• [DATASET RECORDS]

▼

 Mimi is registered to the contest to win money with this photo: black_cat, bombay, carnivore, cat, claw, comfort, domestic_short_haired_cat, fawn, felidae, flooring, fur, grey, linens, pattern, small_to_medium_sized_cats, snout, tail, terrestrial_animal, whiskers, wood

▲
▼

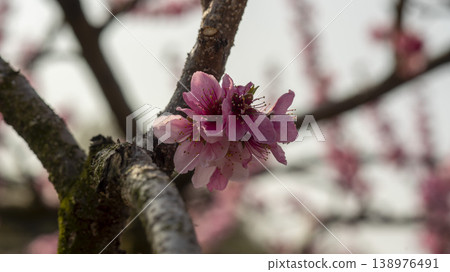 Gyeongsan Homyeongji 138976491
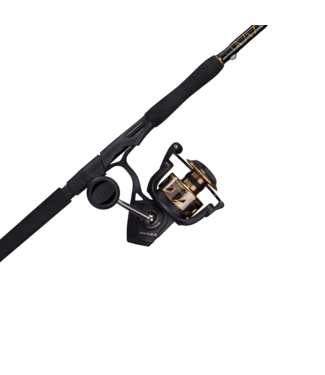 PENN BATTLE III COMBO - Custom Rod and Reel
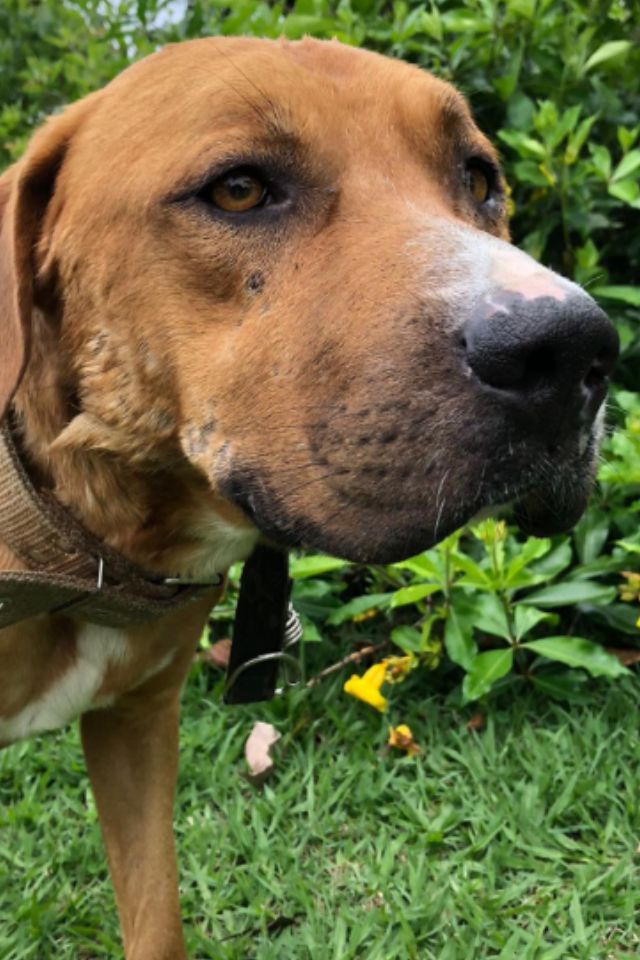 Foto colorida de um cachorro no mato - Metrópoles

▲

• [WHAT IS REQUIRED]
What is wanted is an exact copy of the lines above from the one containing "Gyeongsan Homyeongji 138976491" through the one containing "Foto colorida de", with no pictures in it.

• [RESULT OF THIS EXERCISE]
 Gyeongsan Homyeongji 138976491
 PENN BATTLE III COMBO - Custom Rod and Reel
 Foto colorida de um cachorro no mato - Metrópoles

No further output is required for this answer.